Available data ▸
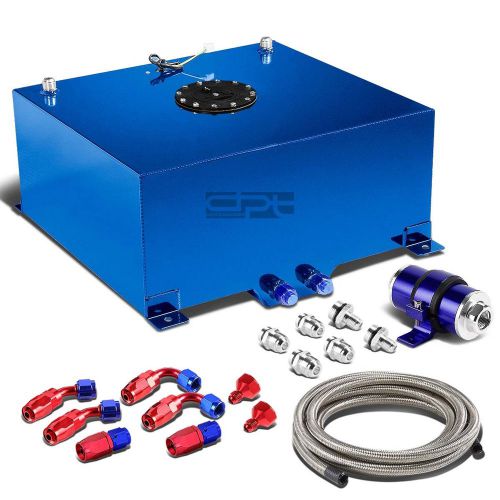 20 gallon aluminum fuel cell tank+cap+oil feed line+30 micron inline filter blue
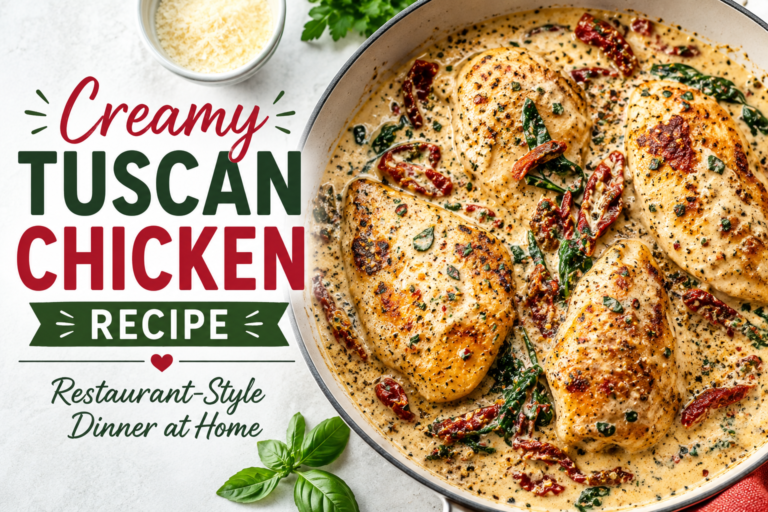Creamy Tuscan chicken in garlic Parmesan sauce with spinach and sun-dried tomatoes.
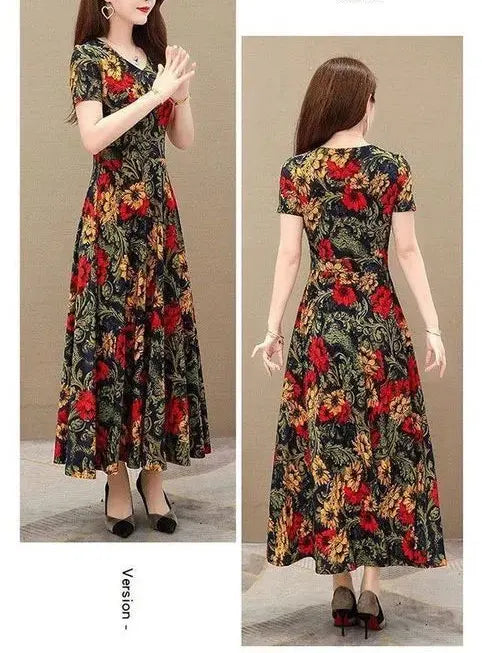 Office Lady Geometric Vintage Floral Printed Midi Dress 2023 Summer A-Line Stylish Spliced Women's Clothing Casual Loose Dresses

What is expected ▸ What is needed is the full material, retyped unchanged, with no pictures in it.

Result ▸
 20 gallon aluminum fuel cell tank+cap+oil feed line+30 micron inline filter blue
Creamy Tuscan chicken in garlic Parmesan sauce with spinach and sun-dried tomatoes.
 Office Lady Geometric Vintage Floral Printed Midi Dress 2023 Summer A-Line Stylish Spliced Women's Clothing Casual Loose Dresses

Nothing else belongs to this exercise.